## Exercise aim:
Nothing but the text of the records should come back; copy it exactly and leave the pictures out.

## Brief descriptive captions:

※

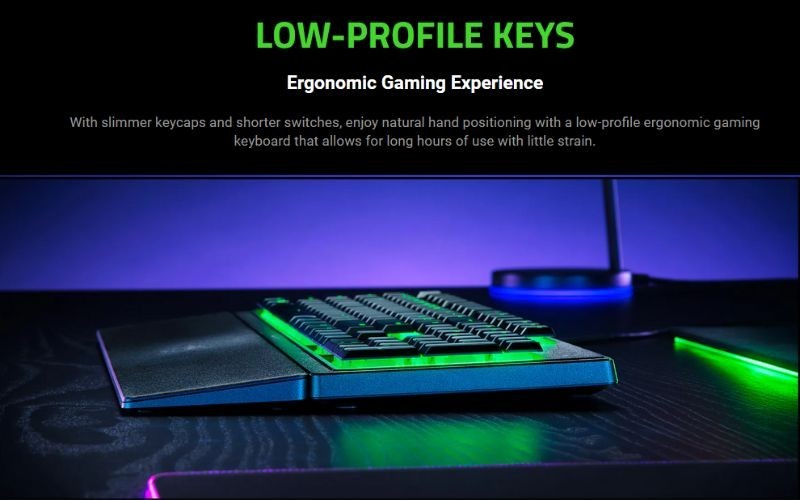 Razer Ornata V3 X - Low-profile Membrane RGB Keyboard | Shopee Singapore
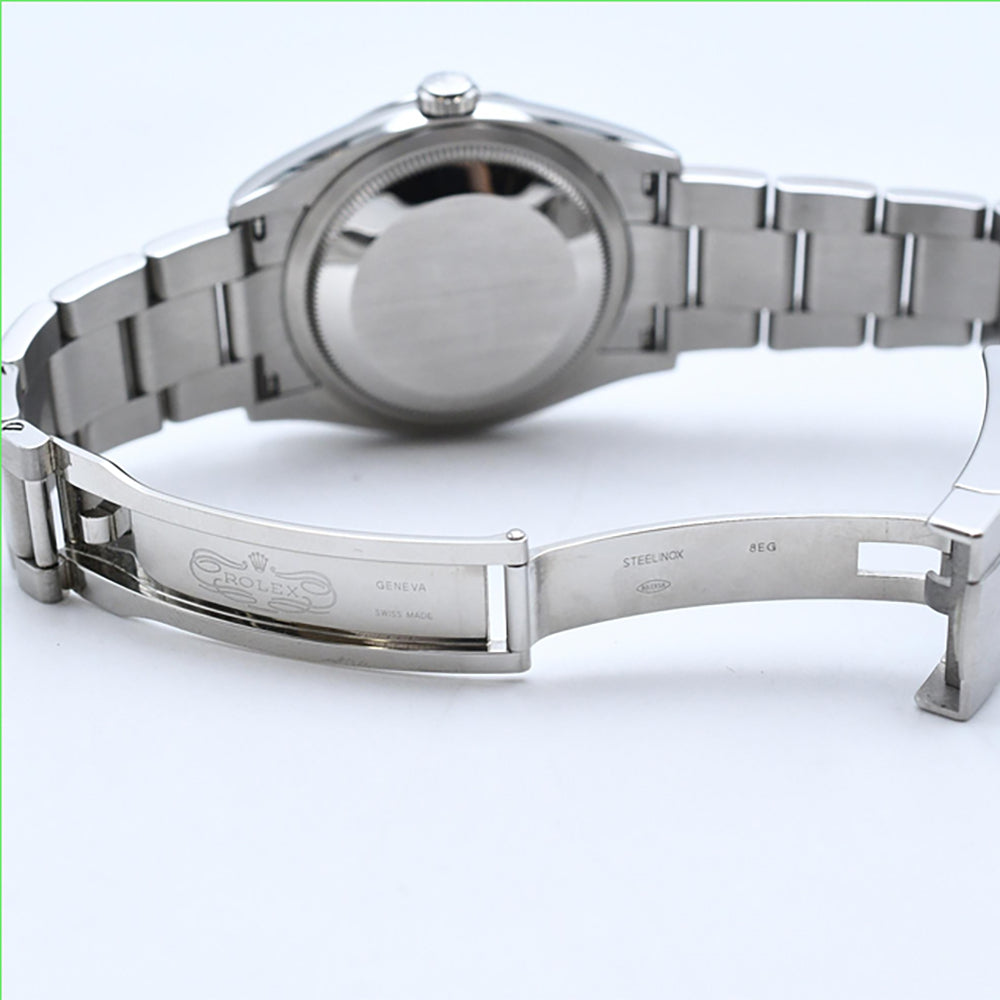Rolex Oyster Perpetual 36mm Turquoise Dial 126000 (2021)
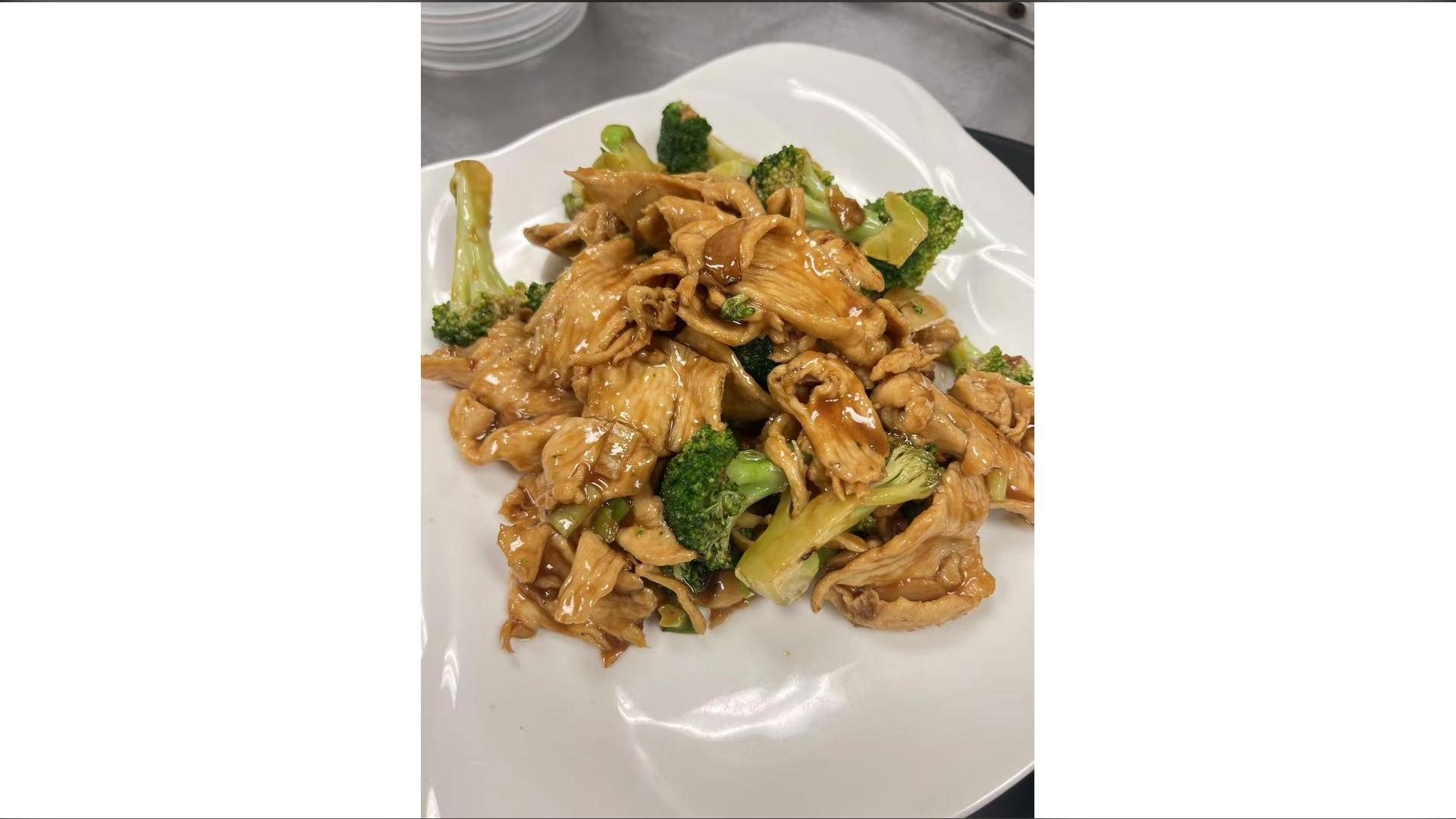 Broccoli Chicken-芥兰鸡片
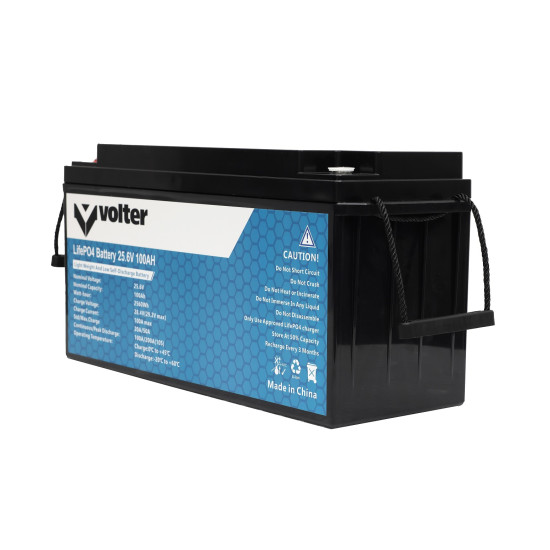 Акумуляторна батарея Volter Lifepo4 25,6V 100 Ah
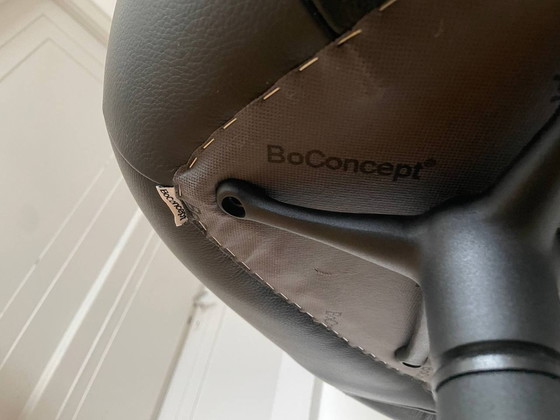 Image 1 of Boconcept Adelaide leather chair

※

## Output for this exercise:
 Razer Ornata V3 X - Low-profile Membrane RGB Keyboard | Shopee Singapore
Rolex Oyster Perpetual 36mm Turquoise Dial 126000 (2021)
 Broccoli Chicken-芥兰鸡片
 Акумуляторна батарея Volter Lifepo4 25,6V 100 Ah
 Image 1 of Boconcept Adelaide leather chair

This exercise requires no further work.